Cameron Lonsdale

Automating security and making it more accessible
  • How does Docker work?

    How does Docker actually work? It’s a simple question that has a surprisingly complex answer. You’ve probably heard the terms “daemon” and “runtime” thrown around, but never really understood what they meant and how they fit together. If you’re like me and went wading through the source to uncover the truth, you’re not alone if you drowned in the sea of code. Let’s face it, if Docker source code was a meal, you’d be chowing down on a big bowl of spaghetti.

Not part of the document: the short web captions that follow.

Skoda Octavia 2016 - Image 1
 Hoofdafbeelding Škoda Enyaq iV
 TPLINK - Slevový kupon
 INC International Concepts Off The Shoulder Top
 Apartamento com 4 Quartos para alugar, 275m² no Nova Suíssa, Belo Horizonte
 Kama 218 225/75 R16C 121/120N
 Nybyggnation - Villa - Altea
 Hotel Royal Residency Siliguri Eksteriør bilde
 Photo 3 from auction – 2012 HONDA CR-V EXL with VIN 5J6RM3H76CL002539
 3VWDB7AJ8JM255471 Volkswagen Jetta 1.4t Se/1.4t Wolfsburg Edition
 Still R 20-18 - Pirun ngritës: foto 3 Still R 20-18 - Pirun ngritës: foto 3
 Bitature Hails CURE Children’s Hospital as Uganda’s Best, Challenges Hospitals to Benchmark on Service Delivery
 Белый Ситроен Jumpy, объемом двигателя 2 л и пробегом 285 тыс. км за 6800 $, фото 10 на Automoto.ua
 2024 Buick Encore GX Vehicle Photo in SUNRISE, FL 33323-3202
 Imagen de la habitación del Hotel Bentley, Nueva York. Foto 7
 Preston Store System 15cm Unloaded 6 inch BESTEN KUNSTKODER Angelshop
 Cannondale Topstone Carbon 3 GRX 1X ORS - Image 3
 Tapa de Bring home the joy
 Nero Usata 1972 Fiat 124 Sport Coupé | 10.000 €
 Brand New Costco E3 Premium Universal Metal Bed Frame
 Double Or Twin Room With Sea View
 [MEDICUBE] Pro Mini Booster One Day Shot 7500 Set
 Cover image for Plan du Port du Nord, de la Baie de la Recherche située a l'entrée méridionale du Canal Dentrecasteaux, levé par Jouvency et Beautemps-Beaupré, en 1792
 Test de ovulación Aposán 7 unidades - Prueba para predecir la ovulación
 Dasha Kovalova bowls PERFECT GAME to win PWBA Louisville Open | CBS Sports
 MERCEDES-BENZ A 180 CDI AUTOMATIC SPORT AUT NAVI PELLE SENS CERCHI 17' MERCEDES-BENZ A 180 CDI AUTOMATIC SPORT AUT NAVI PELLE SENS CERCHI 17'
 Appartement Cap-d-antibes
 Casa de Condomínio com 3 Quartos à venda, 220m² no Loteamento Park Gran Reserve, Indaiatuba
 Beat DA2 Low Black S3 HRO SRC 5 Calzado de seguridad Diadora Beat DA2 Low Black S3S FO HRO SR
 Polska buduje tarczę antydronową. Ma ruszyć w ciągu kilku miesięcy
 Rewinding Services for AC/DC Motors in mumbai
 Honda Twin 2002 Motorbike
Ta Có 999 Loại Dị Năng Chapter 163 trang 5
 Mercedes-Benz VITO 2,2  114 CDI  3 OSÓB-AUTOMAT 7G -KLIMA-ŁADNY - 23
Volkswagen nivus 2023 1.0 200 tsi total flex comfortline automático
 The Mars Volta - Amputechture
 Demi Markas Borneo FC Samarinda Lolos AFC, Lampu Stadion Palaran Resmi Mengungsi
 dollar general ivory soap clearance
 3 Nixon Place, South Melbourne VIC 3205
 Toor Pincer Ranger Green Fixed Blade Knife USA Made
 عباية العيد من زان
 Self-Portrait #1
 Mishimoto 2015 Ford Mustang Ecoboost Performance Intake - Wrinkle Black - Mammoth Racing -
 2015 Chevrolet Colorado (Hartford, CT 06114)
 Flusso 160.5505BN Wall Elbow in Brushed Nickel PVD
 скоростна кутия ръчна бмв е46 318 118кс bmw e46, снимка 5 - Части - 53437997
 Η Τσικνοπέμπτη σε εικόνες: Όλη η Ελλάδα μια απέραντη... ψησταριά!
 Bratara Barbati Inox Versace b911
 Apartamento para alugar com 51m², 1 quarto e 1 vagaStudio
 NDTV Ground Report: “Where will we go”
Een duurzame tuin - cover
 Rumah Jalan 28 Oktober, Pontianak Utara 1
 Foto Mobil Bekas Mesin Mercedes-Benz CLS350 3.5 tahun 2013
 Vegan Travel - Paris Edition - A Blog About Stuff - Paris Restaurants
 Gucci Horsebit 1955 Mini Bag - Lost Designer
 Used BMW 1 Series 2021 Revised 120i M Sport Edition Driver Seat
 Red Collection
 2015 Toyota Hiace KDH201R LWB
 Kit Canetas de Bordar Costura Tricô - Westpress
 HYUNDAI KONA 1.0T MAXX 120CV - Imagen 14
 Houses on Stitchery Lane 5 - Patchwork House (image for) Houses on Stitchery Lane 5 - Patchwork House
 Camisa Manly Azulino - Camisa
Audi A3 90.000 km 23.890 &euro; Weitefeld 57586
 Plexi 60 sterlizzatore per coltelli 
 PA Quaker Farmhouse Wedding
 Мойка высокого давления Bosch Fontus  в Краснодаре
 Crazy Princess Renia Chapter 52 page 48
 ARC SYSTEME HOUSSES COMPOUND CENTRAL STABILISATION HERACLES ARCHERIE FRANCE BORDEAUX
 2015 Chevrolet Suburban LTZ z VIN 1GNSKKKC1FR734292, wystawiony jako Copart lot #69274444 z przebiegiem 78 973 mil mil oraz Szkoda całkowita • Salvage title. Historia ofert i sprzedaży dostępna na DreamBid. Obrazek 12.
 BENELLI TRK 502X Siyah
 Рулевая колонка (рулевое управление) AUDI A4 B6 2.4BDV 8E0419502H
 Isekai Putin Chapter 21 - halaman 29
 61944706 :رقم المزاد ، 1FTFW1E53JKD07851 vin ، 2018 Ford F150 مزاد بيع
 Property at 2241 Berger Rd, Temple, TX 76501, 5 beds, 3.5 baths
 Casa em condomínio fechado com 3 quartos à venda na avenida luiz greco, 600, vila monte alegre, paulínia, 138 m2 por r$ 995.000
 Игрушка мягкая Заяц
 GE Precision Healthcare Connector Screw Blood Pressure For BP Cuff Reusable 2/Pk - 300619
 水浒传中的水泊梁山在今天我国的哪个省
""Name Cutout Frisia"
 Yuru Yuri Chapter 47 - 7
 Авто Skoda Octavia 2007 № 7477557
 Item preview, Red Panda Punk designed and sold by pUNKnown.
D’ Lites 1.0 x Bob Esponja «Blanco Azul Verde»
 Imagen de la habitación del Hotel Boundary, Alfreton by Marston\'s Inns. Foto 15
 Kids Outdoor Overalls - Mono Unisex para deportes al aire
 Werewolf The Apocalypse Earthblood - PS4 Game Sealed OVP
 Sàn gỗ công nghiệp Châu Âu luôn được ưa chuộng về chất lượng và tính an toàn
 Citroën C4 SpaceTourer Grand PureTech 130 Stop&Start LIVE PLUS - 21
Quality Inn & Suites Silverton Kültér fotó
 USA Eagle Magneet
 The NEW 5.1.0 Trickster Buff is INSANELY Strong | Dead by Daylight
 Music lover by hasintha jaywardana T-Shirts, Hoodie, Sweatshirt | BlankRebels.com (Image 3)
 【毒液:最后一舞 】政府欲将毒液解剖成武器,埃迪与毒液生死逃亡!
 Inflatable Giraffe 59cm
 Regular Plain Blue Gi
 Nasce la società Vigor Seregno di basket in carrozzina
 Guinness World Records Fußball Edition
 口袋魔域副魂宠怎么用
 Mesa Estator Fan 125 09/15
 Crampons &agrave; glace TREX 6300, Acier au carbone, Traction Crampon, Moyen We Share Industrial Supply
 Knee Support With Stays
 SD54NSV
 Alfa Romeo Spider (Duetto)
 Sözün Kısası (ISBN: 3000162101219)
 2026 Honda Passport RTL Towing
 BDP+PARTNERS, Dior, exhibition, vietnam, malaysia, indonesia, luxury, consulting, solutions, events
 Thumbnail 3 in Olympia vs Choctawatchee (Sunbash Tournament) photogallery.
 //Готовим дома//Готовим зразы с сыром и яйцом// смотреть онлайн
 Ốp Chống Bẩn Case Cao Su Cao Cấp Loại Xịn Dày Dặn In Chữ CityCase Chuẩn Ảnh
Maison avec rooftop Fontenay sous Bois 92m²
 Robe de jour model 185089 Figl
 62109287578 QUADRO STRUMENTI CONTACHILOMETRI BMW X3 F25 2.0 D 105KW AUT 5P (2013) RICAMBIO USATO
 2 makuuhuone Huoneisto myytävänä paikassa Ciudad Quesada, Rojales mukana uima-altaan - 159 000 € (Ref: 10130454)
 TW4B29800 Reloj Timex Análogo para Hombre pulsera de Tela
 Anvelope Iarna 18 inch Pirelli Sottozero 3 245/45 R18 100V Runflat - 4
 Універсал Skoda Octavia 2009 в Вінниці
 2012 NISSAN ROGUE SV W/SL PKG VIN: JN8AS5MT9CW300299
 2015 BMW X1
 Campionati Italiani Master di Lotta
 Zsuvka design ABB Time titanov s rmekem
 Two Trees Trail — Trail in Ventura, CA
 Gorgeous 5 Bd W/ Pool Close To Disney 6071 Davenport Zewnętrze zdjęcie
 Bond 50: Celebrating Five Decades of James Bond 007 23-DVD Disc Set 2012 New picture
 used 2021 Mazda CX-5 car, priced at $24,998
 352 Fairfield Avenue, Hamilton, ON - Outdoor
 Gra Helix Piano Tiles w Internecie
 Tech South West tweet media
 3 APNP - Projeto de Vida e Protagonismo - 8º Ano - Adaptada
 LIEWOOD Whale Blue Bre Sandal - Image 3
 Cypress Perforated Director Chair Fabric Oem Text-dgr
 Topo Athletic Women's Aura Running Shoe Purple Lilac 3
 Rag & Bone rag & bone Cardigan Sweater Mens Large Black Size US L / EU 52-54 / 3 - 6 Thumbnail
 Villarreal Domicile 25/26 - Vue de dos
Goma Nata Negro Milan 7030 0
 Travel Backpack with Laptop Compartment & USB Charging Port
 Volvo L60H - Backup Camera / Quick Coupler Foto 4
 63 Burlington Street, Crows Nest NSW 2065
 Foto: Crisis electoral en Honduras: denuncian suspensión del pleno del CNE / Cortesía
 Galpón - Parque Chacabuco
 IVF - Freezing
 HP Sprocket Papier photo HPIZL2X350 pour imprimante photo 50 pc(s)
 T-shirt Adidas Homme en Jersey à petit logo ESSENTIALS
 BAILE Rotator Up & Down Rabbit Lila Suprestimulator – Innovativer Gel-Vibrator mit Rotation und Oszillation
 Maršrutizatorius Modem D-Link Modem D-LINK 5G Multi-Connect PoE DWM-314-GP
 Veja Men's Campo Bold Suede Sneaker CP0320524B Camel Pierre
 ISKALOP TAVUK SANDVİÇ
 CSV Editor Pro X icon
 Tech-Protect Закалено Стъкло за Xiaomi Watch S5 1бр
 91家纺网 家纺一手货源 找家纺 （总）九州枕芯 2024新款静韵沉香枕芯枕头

    Like a fork that guides pasta to your mouth, this post will group and guide the digital strands of Docker into your hungry mind.

    In order to better understand the present, we first need to look at the past. In 2013 Solomon Hykes of dotCloud revealed Docker to the public at the PyCon talk The future of Linux Containers. Let’s revert his git repository to January of 2013, to a simpler time in Docker’s development.

    How did Docker work in 2013?

    Docker is composed of two main components, a command-line application for users and a daemon which manages containers. The daemon relies on two sub components to perform its job, storage on the host file system for image and container data; and the LXC interface to abstract away the raw kernel calls needed to construct a Linux container.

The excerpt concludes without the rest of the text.